Ausbau des Zolls zur Überwachungsbehörde
1.600 neue Zöllner sollen laut Bundesfinanzministerium in den nächsten Jahren eingestellt werden, um nicht nur die Einhaltung von 8,50 € Mindestlohn zu überwachen – das MiLoG ist ja nur Anlass für eine generelle Überwachung und weitere Kontrolle. Der Chef der Zollgewerkschaft, Dieter Dewes, forderte schon 2500 neue Kontrolleure. Klar, für diejenigen, die anderer Leute Arbeit kontrollieren, gibt es viel zu tun: 30 Gesetze sind tangiert, Verordernungen, Tarifverträge und andere Regeln. Alles, alles muss kontrolliert werden; dabei gibt es nur vergleichsweise wenige Tricks, um das MiLoG zu umgehen, etwa durch unbezahlte Überstunden, über Scheinselbstständigkeit bis hin zu Teilzeitstellen, die sich zu Vollzeitstellen addieren.

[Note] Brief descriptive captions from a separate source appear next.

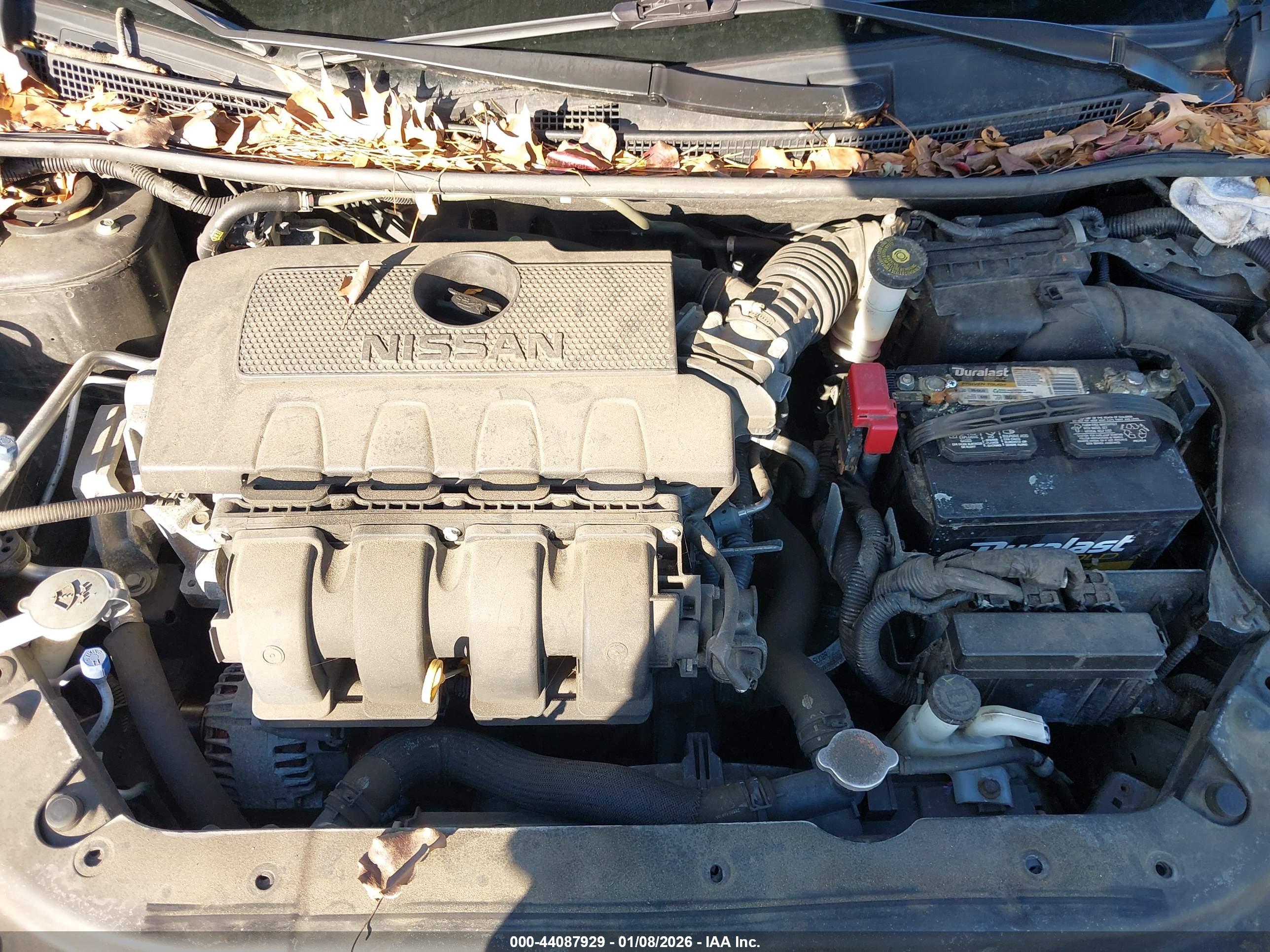 NISSAN SENTRA image 10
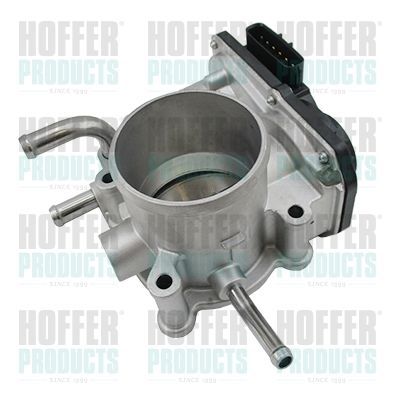 Droselio korpusas HOFFER 7519321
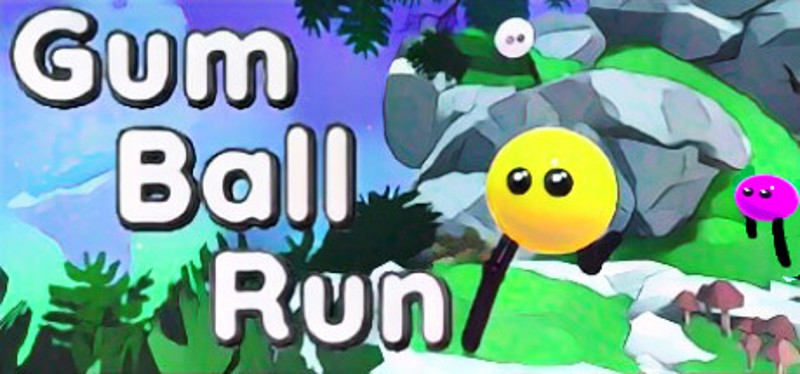 Gum Ball Run Game Cover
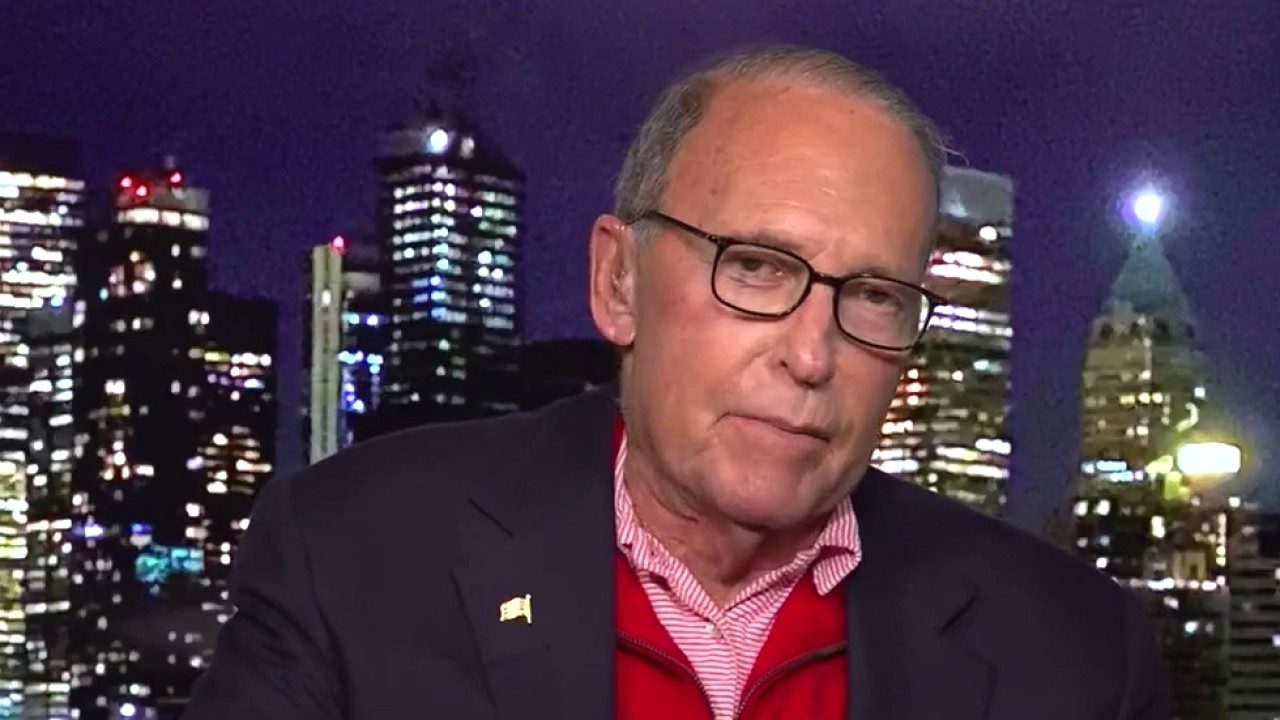Larry Kudlow | Economic message on supply chain is ‘vintage Jimmy Carter’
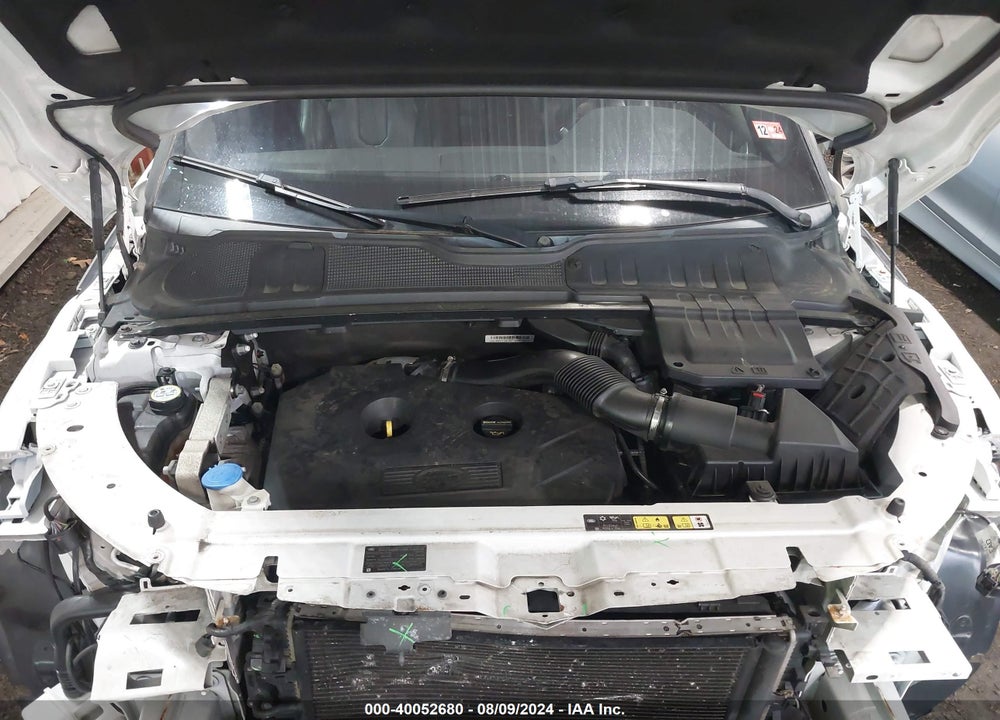 2015 LAND ROVER RANGE ROVER EVOQUE PURE VIN: SALVP2BG7FH071013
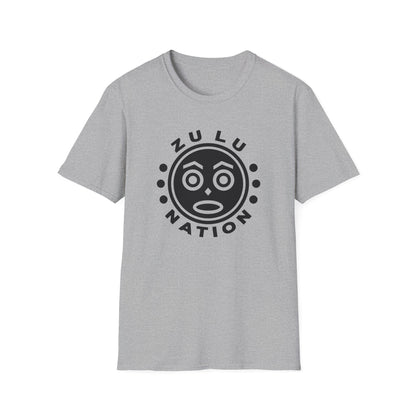 Universal Zulu Nation T Shirt | Spring / Summer '25 (soulteesANZ.com)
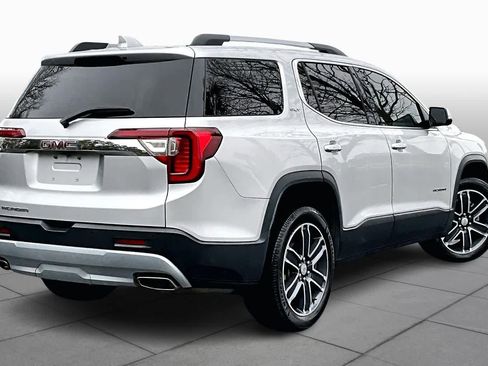 Used 2020 GMC Acadia SLT w/ Driver Alert Package II image 13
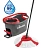 Набор для уборки Vileda Easy Wring & Clean Turbo Spin Mop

Und damit das ja nicht geschieht, müssen Arbeitgeber nun bis zu einem Monatseinkommen von 2958 Euro Beginn, Dauer und Ende der Arbeitszeit dokumentieren und für zwei Jahre nachweisen.
Bei dieser Grenze geht man davon aus, dass kaum jemand mehr als 348 Stunden im Monat zu je 8,50 Euro arbeitet – was zum Beispiel 29 Tage zu je zwölf Stunden wären. Es ist eine absurde Vorstellung, dass Arbeitnehmer sich das gefallen lassen.